Ver. 22. The Lord possessed me. ] Not created me, a as the Arians out of the Septuagint pressed it, to prove Christ a creature.
Before his works of old. ] Heb., Ante opera sua, ante tunc; id est, priusquam quis dicere potest tunc; before there was any either now or then; before all time, therefore from all eternity. For whatsoever was before the world and time, that was created with the world, must needs be eternal.
a εκτησε εκτισε .
Pro 8:23 I was set up from everlasting, from the beginning, or ever the earth was.
Ver. 23. I was set up. ] Coronata sum; I was crowned; so some render it. Inuncta fui, I was anointed - so others - for king, priest, and prophet of my Church. And to this high honour I grew not up by degrees, but had it presently from before all beginnings.
Pro 8:24 When [there were] no depths, I was brought forth; when [there were] no fountains abounding with water.

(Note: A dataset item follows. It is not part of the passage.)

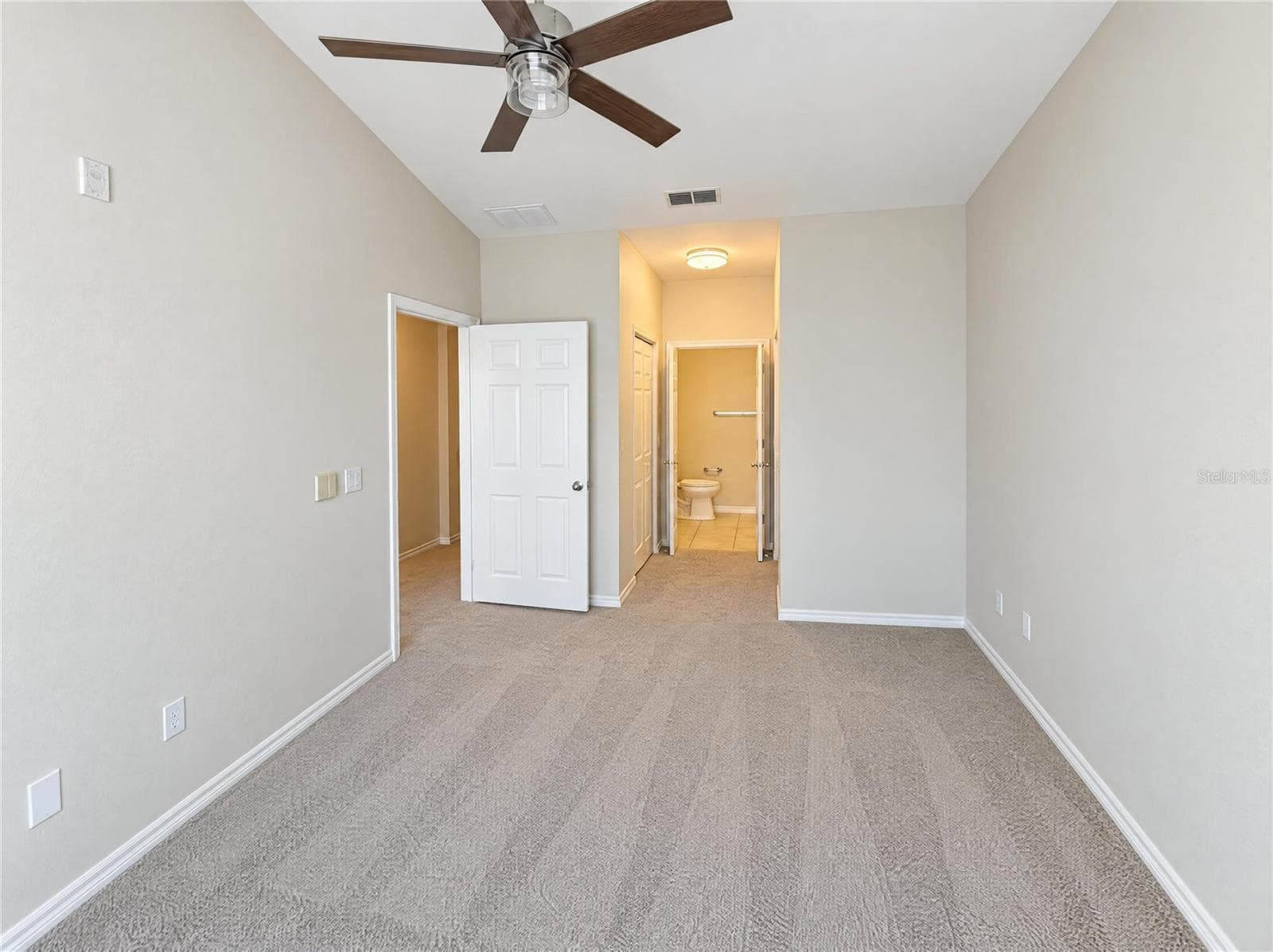 Condominium at 2334 GRAND CENTRAL PKWY #9, ORLANDO, photo 4 of 18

Ver. 24. When there were no depths. ] In mentioning God’s works of creation, some observe here, that wisdom proceeds from the lower elements to the superior and heavenly bodies: she begins with the earth, Pro 8:23 goes on here to the waters, and so to the air, called streets, rendered "fields," Pro 8:26 that is, the vast element of the air; which compared with the far less elements of earth and water, must needs seem exceedingly large, spacious, and open, as streets, or fields. Lastly, by "the highest part of the dust of the world," the Hebrew doctors understand the element of fire. Iudicium sit penes lectorem: let the reader judge.
Pro 8:25 Before the mountains were settled, before the hills was I brought forth:
Ver. 25. Was I brought forth. ] Or, Begotten. Thus wisdom describes her eternity in human words and expressions, for our better apprehension. Which while Arius either knew not, or weighed not, he herehence took occasion to oppose the Deity of our Saviour, and to propagate that damnable error in the Eastern Churches, to the ruin of many souls. This arch-heretic Arius sitting on the stool to ease nature at Constantinople, voided there his entrails. And now Mohammedanism is there as the excrement of Arius.
Pro 8:26 While as yet he had not made the earth, nor the fields, nor the highest part of the dust of the world.
Ver. 26. Nor the fields, nor the highest. ] See Trapp on " Pro 8:24 "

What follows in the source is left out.